There’s an entire industry that has cropped up around consensus decision-making, cultural competency and meeting facilitation.

That’s easier said than done, but if carried out efficiently, inclusivity happens without a “program,” diversity training or more meetings.

In my experience, settling into any neighborhood is stressful enough. What if you’re asked to jump right into discussing personal issues and views around the American Dream, money, race, class, gender identity and sexual preference? That adds an even more complex layer to neighborliness. I’d say mostly on the governance level when talking about home owner association fees, decisions about when individual “rights” end and the community “good” begins.

The best things about cohousing are the neighbors and the worst things about cohousing are the neighbors.

Don’t get me wrong. There are lots of positive things about living in a community – plenty of really great neighborly support if a ride is needed to the store, or help needed to move furniture, care giving for sick neighbors. Friendships are formed, informal barbecues happen spontaneously and formal community events are planned around holidays.

I’m also lay-developing an intentional community in Cheyenne, where those discussions will take place and will be key to forming a resilient group of neighbors. Alas, those discussions have made it as far as the facebook page and haven’t popped up on the radar screen ahead of water, curb, gutter and street construction issues.

I’ve taught cultural competency and diversity workshops over the past 15 years. Most recently, I’ve adapted the curricula for intentional community audiences. At least from the feedback I’ve received, participants gained a better understanding that while the bricks and mortar of cohousing are buildings where residents live, the members who form a community are the most important aspect. The intentional community mantle can overlay any housing configuration.

While my cohousing living experience hasn’t been perfect – maybe none of them are – the intentionality brings neighbors together to work through tough issues – even though some may be on the petty side, they might as well be matters of life and death.
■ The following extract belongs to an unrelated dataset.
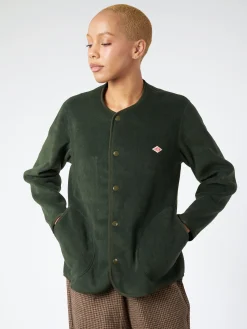 Danton - Women's Collarless Fleece Jacket in Dark Green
The upshot? If there’s a community configuration that enables conversation among divergent opinions, intentionality is a good thing, but individual effort must be put into understanding the perspectives of others and changing personal courses of action.

Social change through cohousing is a steep uphill climb constrained by American social/cultural norms.
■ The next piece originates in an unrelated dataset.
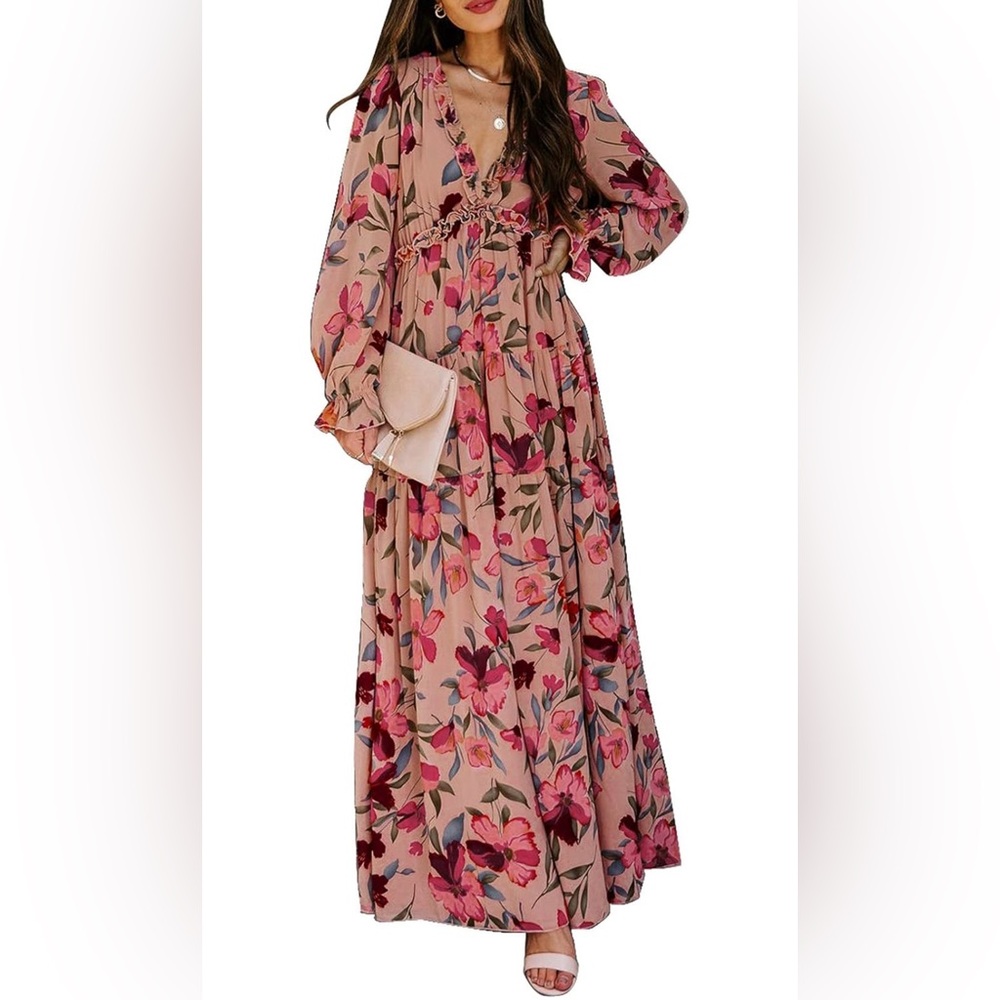 Womens Casual Floral Deep V Neck Long Sleeve Maxi Dress | Sz L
The American Dream, bigger being better. We are driven to pull ourselves up by our bootstraps, make a lot of money and make it to the top. Community founding members should have frank discussions among themselves about why cultural norms create roadblocks for the advancement of caring and interactive communities beyond what is familiar.
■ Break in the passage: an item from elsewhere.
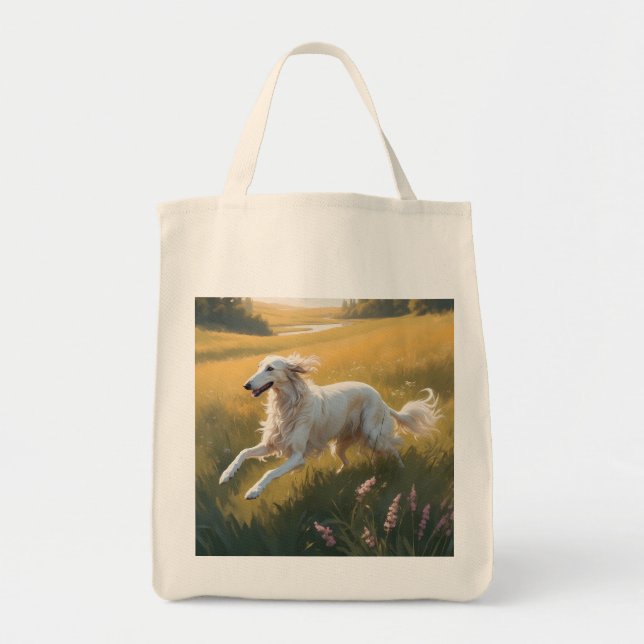 Bolsa Tote Borzoi Elegant Grocery Tote Bag (Frente)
Cohousing communities, by definition, bring diverse people together. The only group to fully self-select who will be in the community, are the founding members. People may intellectually “value diversity”, but diversity doesn’t always play out, considering the typical cohouser is white, educated, high income and high-perceived social class and a woman.

Forming community members should discuss what they would be willing to give up – attitudinally and/or financially – to include diverse members. In one of my training sessions, I met a couple people from a forming community that is having this discussion and they decided to take some of the capital gains from their personal home sales to buy down houses to make them more affordable.

Reaching out to people different from oneself is a challenge and cultural brokers may need to be engaged. In my workshops, for example, attendees practice ways they can look at their personal histories and make changes so as to become more inclusive as opposed to only believing inclusivity is a good idea.

Personal introspection doesn’t end once the houses are constructed and residents unpack their boxes. Over time, the community evolves and residents need to keep unpacking their personal histories and values as families move, people pass away and new neighbors arrive.

While fair housing laws preclude discrimination, communities can provide information about the community, expectations of membership in the Homeowners Association (HOA).

Professional and lay cohousing developers can choose to make personal transformations. There are markets other than those of the “typical” cohouser, particularly in gentrifying and abandoned neighborhoods. Culturally competent developers expand their markets by finding easier outreach paths into diverse communities.

As a cultural broker myself, I know that the approach gets results and opens doors without the appearance of “tokenism.”

What are some next steps?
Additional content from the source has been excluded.